◆ Problem statement:
Look through the listing below for the line with "We also include" and the line with "Flume and Scoop". Copy both, along with every line between them, exactly and with no pictures.

◆ Exercise inputs:
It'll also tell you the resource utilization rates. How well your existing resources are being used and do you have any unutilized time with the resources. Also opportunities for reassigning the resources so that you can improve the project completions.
--
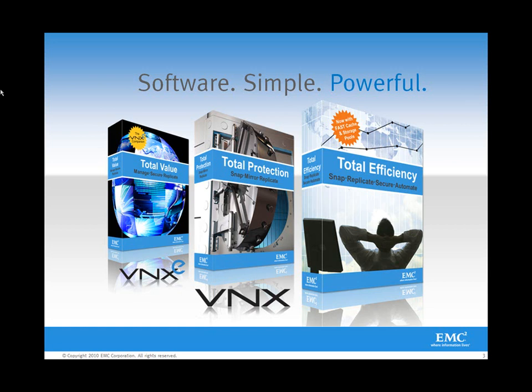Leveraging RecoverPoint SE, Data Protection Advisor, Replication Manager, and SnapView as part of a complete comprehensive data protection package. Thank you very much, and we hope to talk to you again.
...
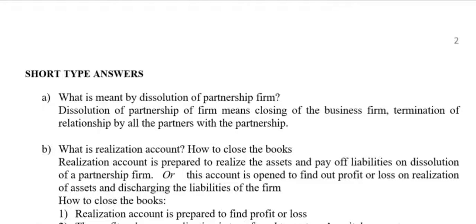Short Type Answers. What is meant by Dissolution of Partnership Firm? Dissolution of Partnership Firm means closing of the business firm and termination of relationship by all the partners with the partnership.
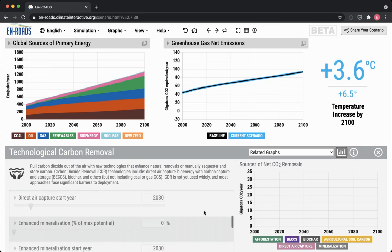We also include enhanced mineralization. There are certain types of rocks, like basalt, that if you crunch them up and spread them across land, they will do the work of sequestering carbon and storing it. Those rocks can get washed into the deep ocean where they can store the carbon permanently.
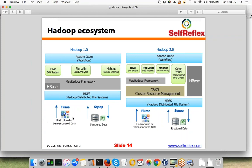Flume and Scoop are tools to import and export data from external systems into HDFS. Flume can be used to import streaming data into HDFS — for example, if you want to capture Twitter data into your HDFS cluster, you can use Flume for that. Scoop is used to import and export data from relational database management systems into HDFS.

◆ Written answer:
We also include enhanced mineralization. There are certain types of rocks, like basalt, that if you crunch them up and spread them across land, they will do the work of sequestering carbon and storing it. Those rocks can get washed into the deep ocean where they can store the carbon permanently.
Flume and Scoop are tools to import and export data from external systems into HDFS. Flume can be used to import streaming data into HDFS — for example, if you want to capture Twitter data into your HDFS cluster, you can use Flume for that. Scoop is used to import and export data from relational database management systems into HDFS.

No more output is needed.